Le Ber's wealth made him one of the most influential people of the time. For example, Governor General Frontenac sought his advice on important matters concerning trade and the welfare of the colony. Jacques Le Ber was ennobled in 1696.

In 1686, he built a stone mill on the Island of Montreal near the Ottawa River to provide the inhabitants of that area with a shelter in case of attack by the Five Nations. In 1693, he joined a war party of 300 Canadians, 100 soldiers, and 230 Indians that attacked the Mohawks in their own territory.

== Family ==
Le Ber came to Canada in 1657 and took up residence in Montreal. A brother, François, also settled there around the same time, and a sister, Marie, became an Ursuline nun in Quebec.

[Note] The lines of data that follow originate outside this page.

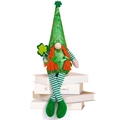 St. Patrick's Day Zwergfigur mit grünem Paillettenhut, orangen Zöpfen und Kleeblatt-Detail - Spitzer Hut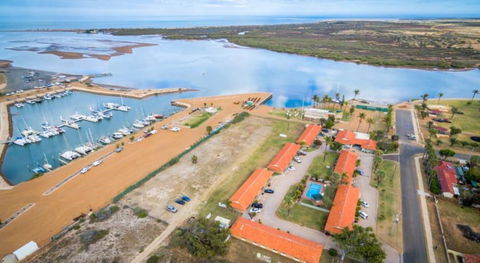 Hospitality Carnarvon, SureStay Collection By Best Western - Kawana Tourism 1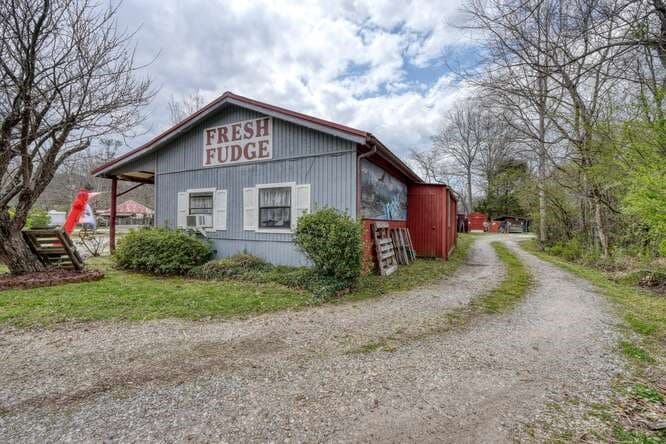 50 Pappys Plaza, Blairsville GA 30512 - Photo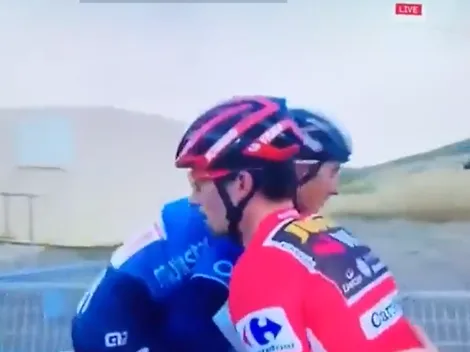 El abrazo comprometedor: Roglic y un Movistar, tras la etapa 17 de La Vuelta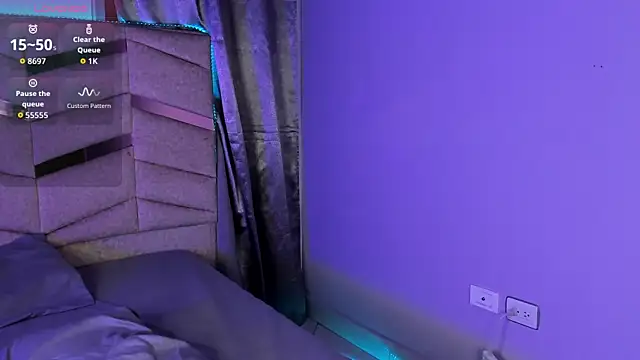 Snapshot of MadissonLee__ chatting on 12-04-25, 08:28 MadissonLee online show from 12-04-25, 08:28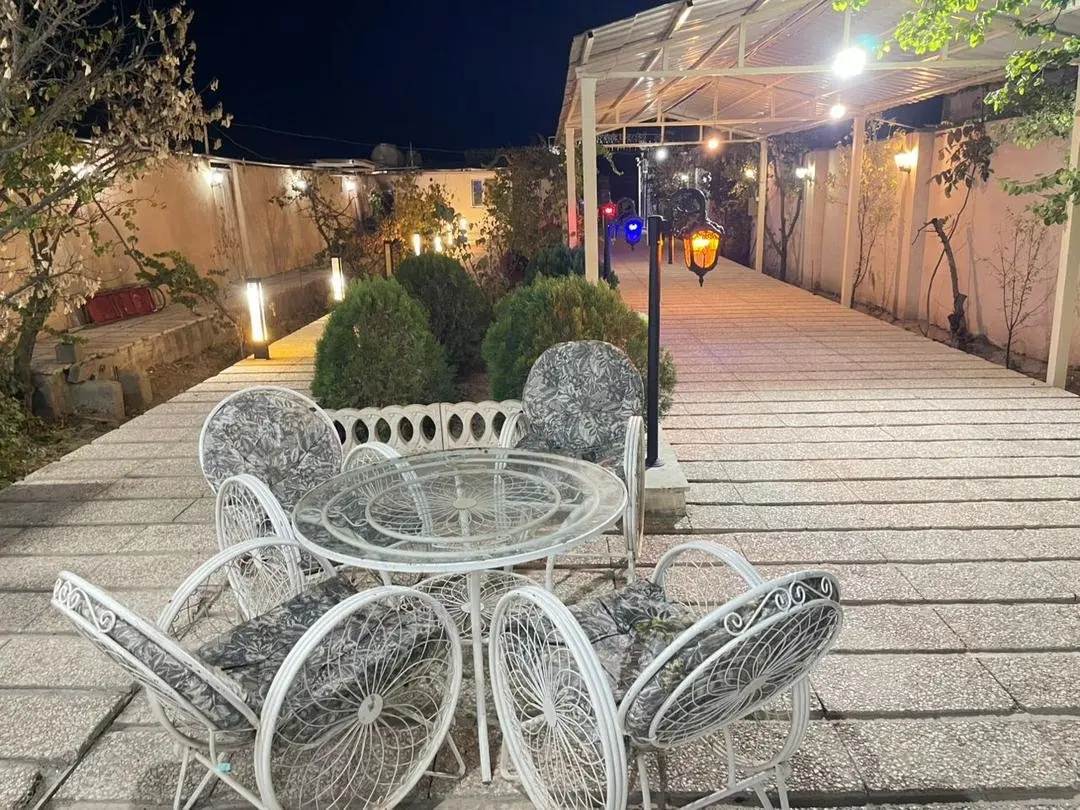 ویلا دوخوابه استخردار آبگرم سحر 2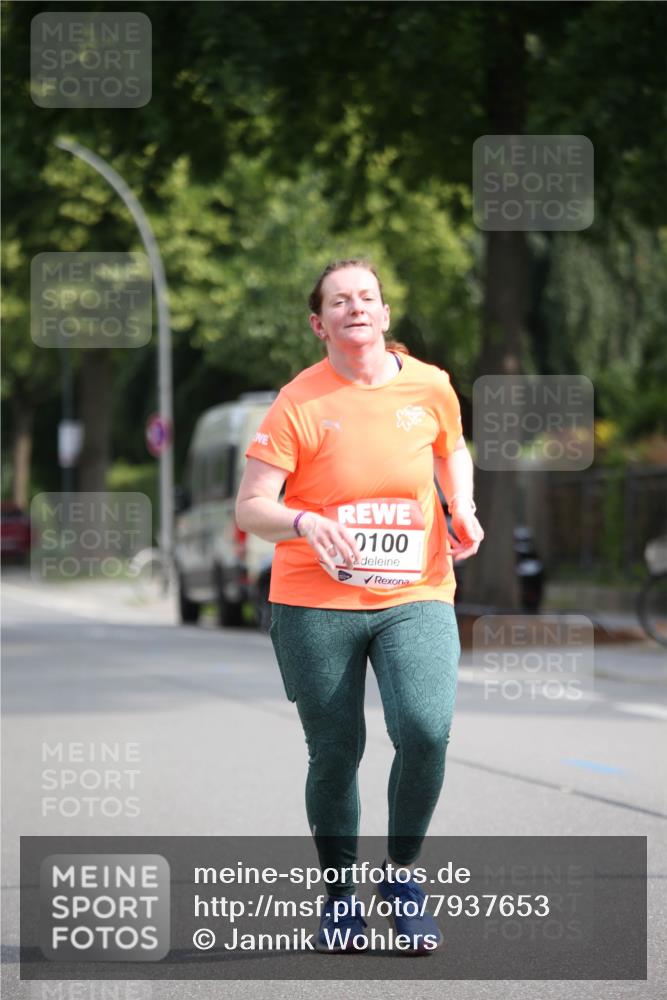 15.06.2025 - REWE Women's Run Jannik Wohlers http://msf.ph/oto/7937653 15.06.2025 09:55:27 Laufen 0100 meine-sportfotos.de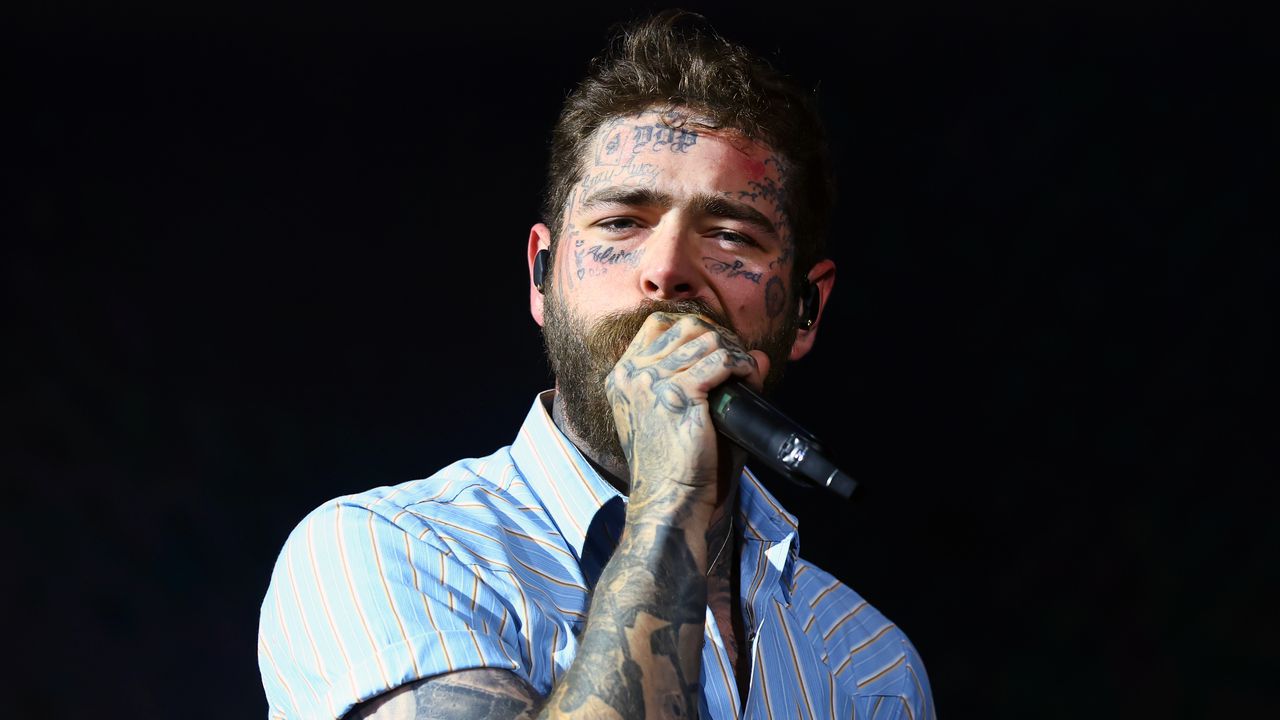 Рапърът Post Malone беше принуден“ да отложи концертите си в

Le Ber's wife had died November 8, 1682, and two sons had also predeceased him: Louis, Sieur de Saint-Paul, who died in the early 1690s in La Rochelle where he had acted as his father's business agent, and Jean-Vincent, Sieur Du Chesne, fatally wounded during an encounter with an English and Iroquois war party near Fort Chambly in 1691. Three children survived their father: Jeanne Le Ber, Pierre, and Jacques, Sieur de Senneville.

His daughter, Jeanne le Ber, used her inheritance to further the work of the Catholic Church in Montreal. Le Ber was buried in the church of the sisters of the Congregation of Notre Dame, the place where his famous recluse daughter lived and which she had largely funded.

== Honours ==
The village of Senneville, Quebec on the island of Montreal, is named for him.